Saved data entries
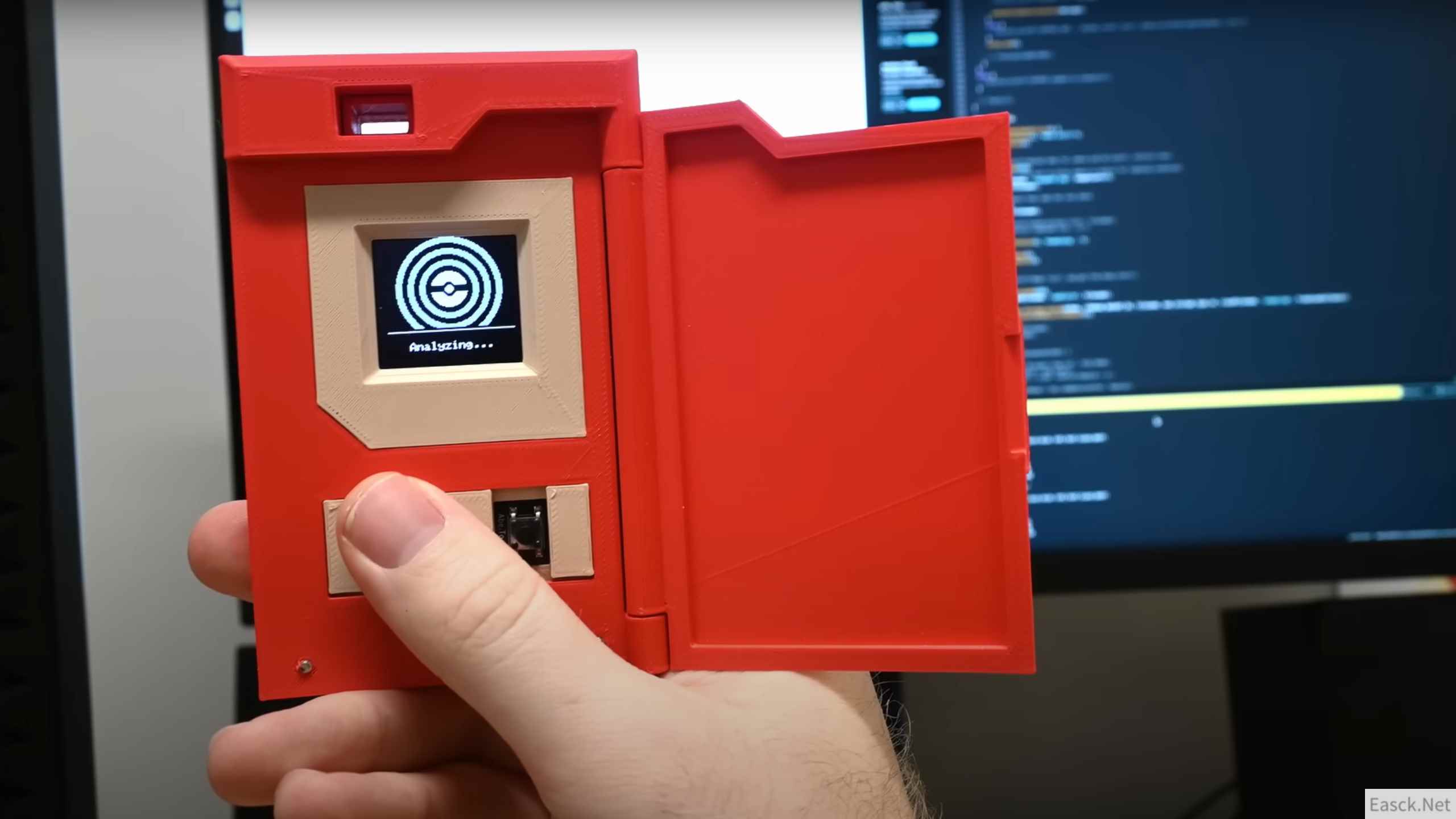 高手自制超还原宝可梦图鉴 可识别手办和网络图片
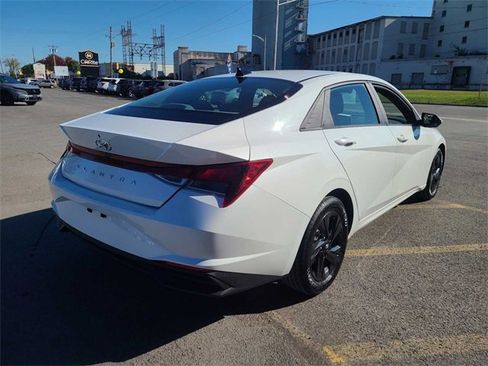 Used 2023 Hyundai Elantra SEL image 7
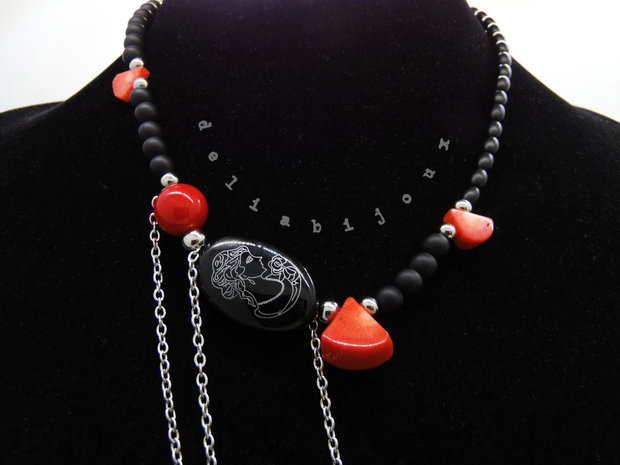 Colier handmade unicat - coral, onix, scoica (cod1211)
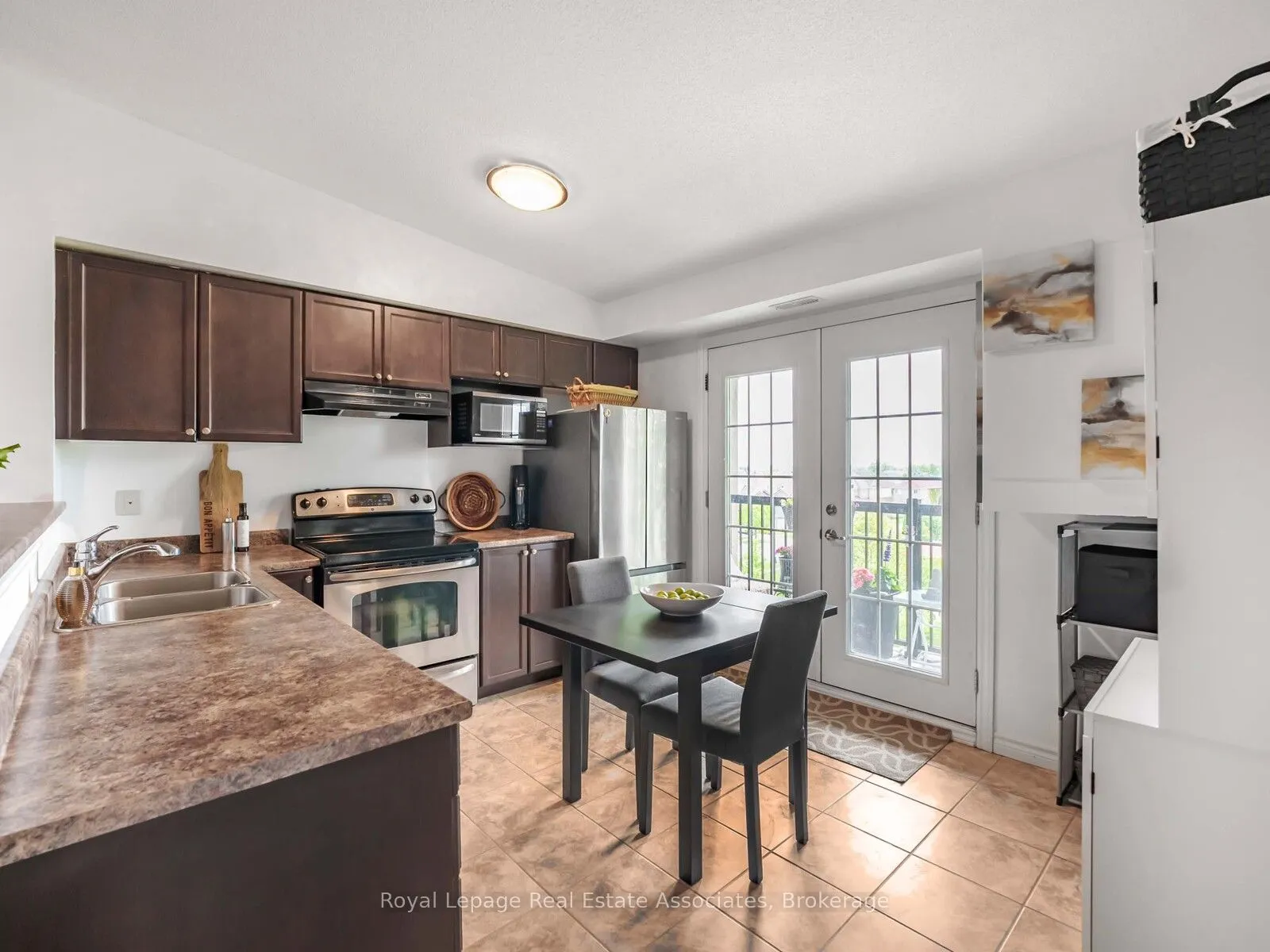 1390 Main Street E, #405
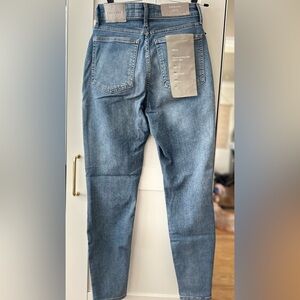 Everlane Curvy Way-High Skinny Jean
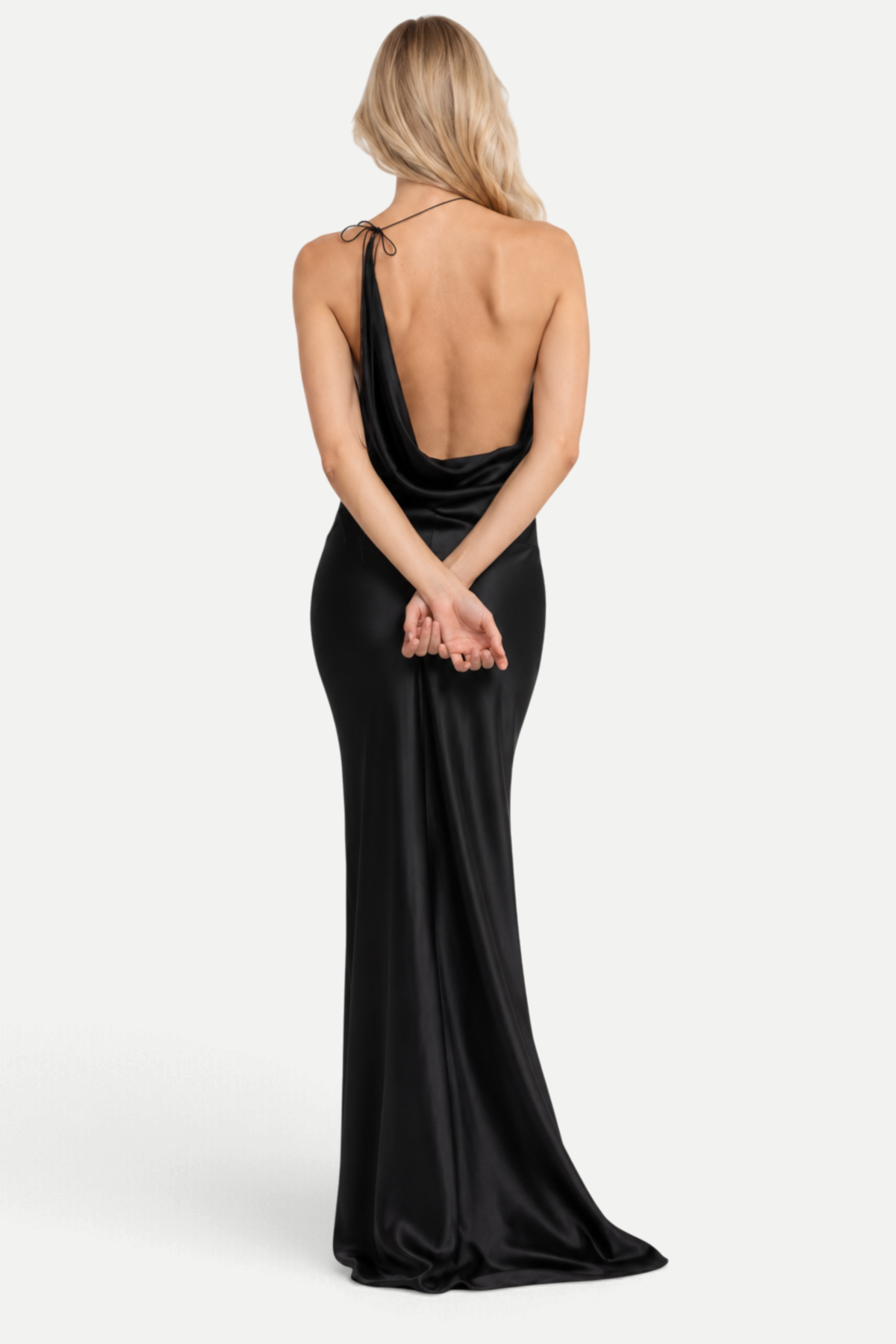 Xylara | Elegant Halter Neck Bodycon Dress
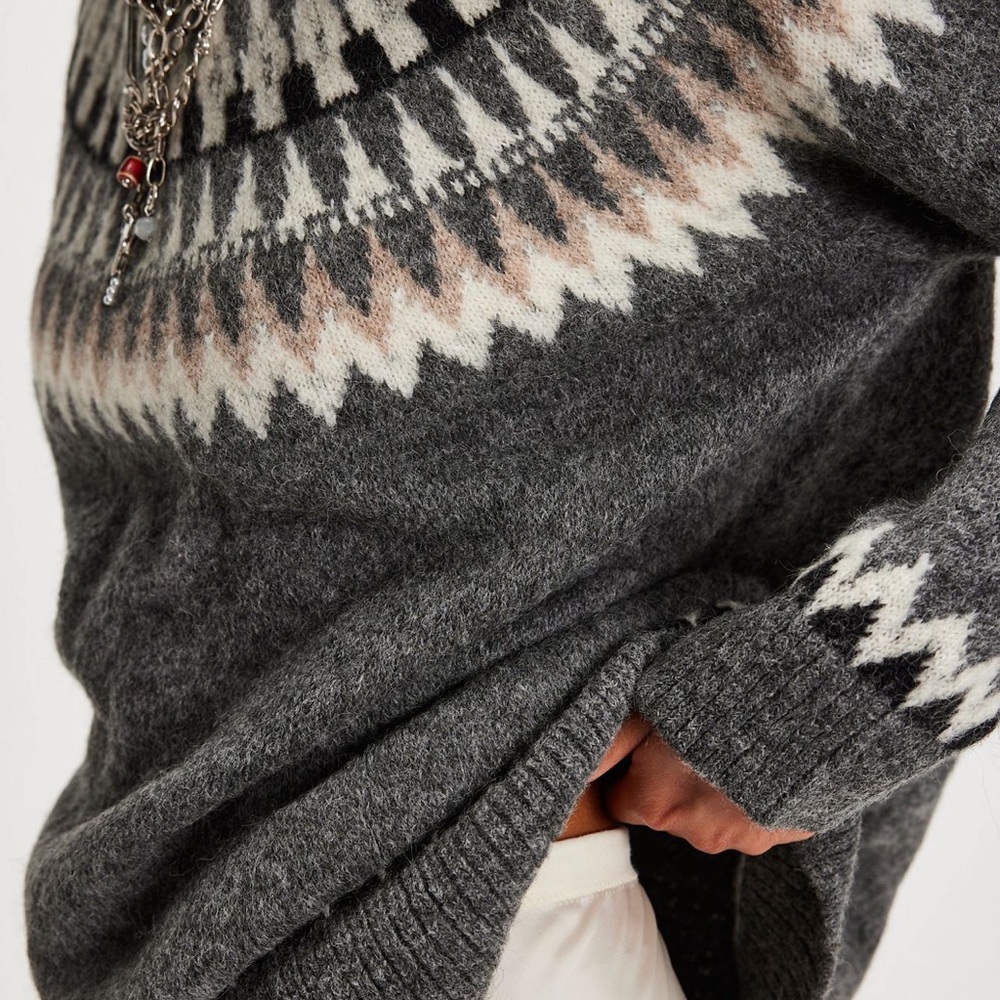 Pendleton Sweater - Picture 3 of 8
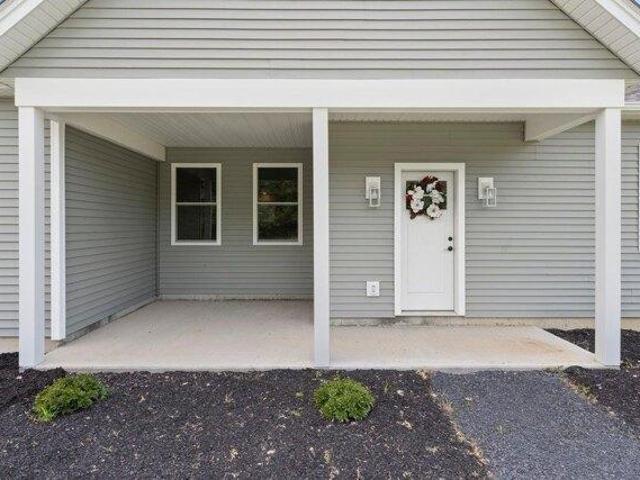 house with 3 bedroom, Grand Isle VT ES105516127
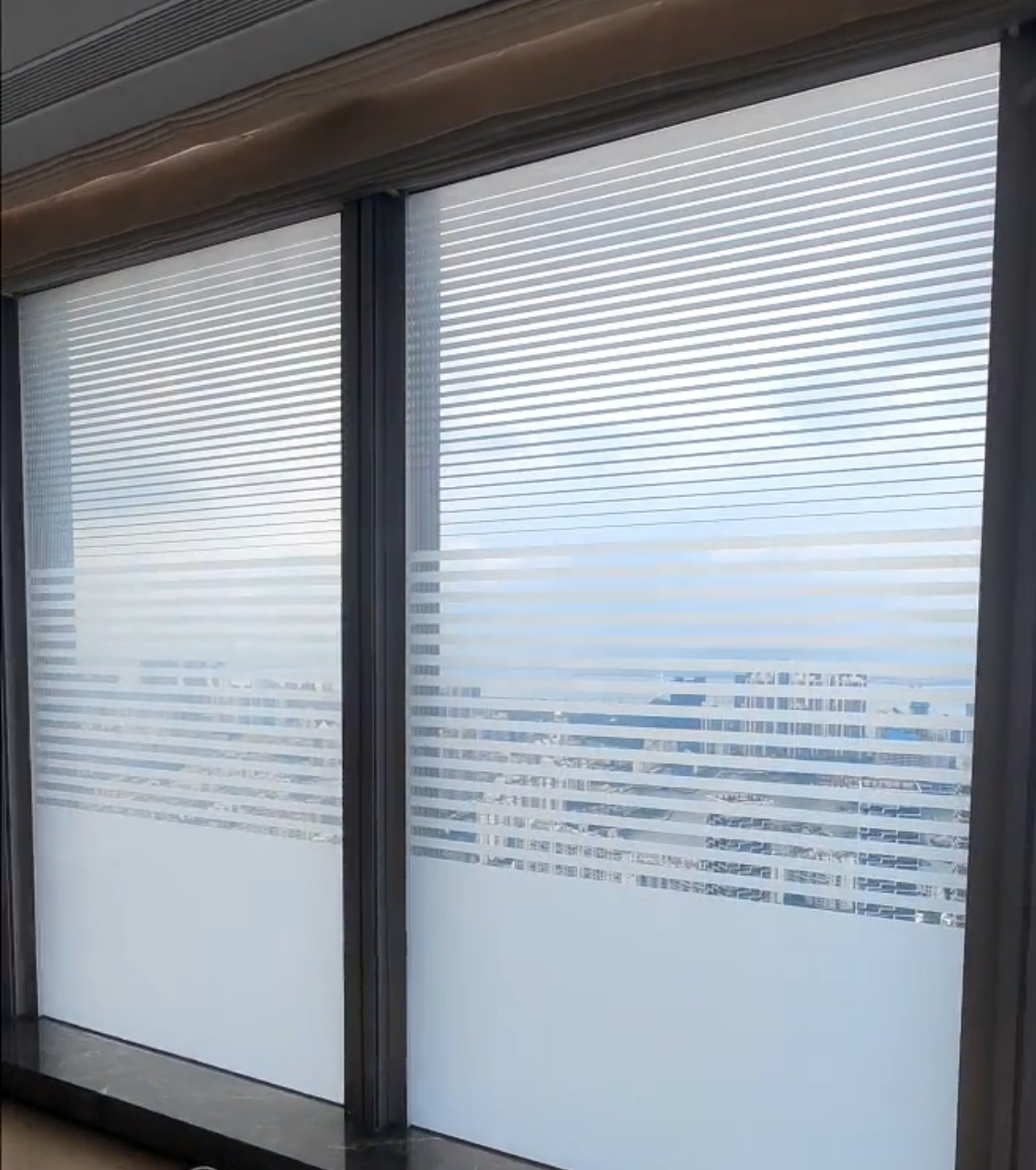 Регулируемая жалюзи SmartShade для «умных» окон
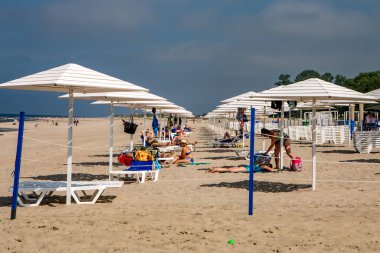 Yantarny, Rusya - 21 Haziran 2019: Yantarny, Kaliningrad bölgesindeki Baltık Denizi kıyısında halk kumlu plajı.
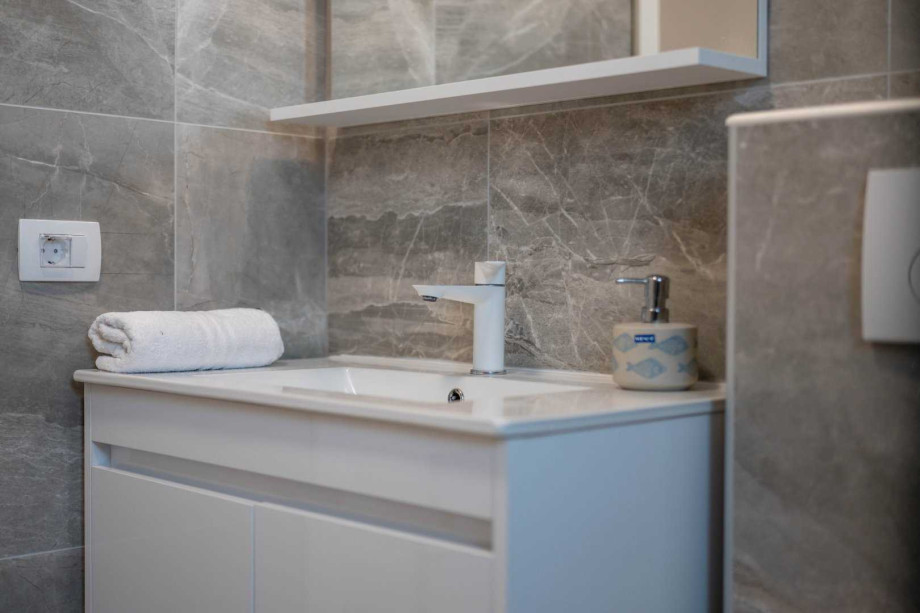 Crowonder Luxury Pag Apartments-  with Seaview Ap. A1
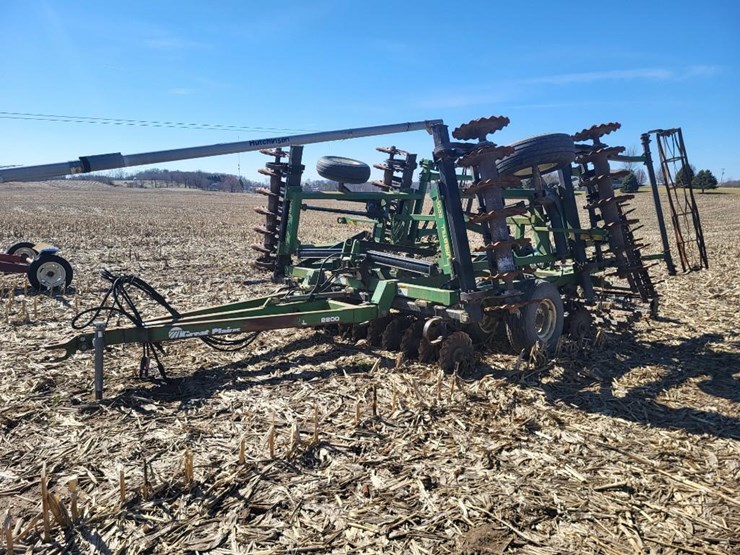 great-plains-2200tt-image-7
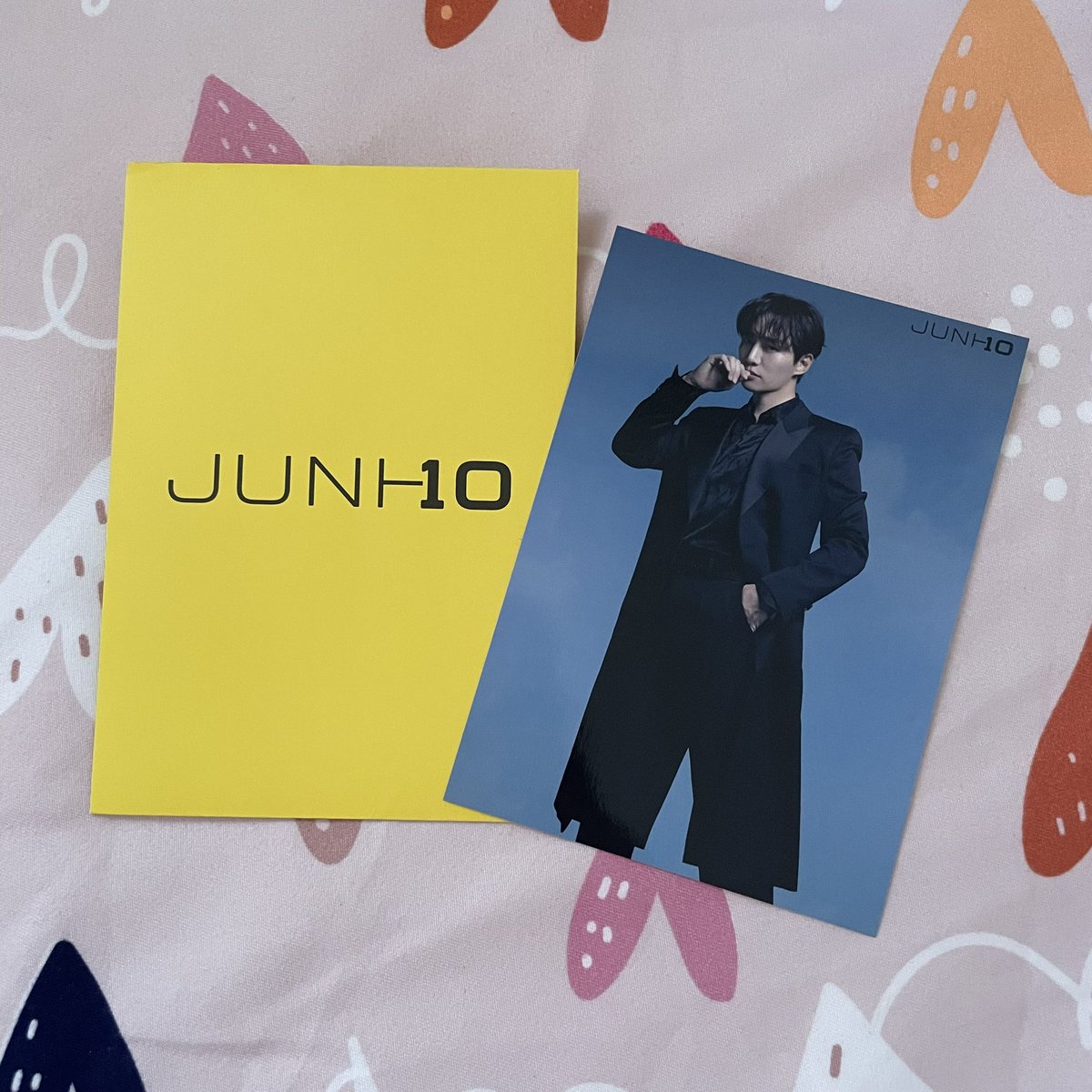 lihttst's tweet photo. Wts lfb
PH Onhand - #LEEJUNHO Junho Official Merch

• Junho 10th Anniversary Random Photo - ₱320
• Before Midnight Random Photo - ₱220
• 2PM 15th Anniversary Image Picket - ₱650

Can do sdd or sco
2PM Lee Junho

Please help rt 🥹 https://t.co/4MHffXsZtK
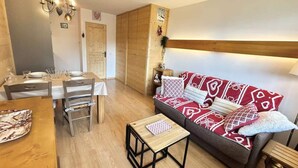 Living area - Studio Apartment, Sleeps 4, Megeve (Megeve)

**EXERCISE AIM**
Give the lines again word for word, from the start of the records to the line holding "Please help rt 🥹 https://t.co/4MHffXsZtK", both included, and leave out any picture.

**ANSWER TO THIS EXERCISE**
 高手自制超还原宝可梦图鉴 可识别手办和网络图片
 Used 2023 Hyundai Elantra SEL image 7
 Colier handmade unicat - coral, onix, scoica (cod1211)
 1390 Main Street E, #405
 Everlane Curvy Way-High Skinny Jean
 Xylara | Elegant Halter Neck Bodycon Dress
 Pendleton Sweater - Picture 3 of 8
 house with 3 bedroom, Grand Isle VT ES105516127
 Регулируемая жалюзи SmartShade для «умных» окон
 Yantarny, Rusya - 21 Haziran 2019: Yantarny, Kaliningrad bölgesindeki Baltık Denizi kıyısında halk kumlu plajı.
 Crowonder Luxury Pag Apartments-  with Seaview Ap. A1
 great-plains-2200tt-image-7
 lihttst's tweet photo. Wts lfb
PH Onhand - #LEEJUNHO Junho Official Merch

• Junho 10th Anniversary Random Photo - ₱320
• Before Midnight Random Photo - ₱220
• 2PM 15th Anniversary Image Picket - ₱650

Can do sdd or sco
2PM Lee Junho

Please help rt 🥹 https://t.co/4MHffXsZtK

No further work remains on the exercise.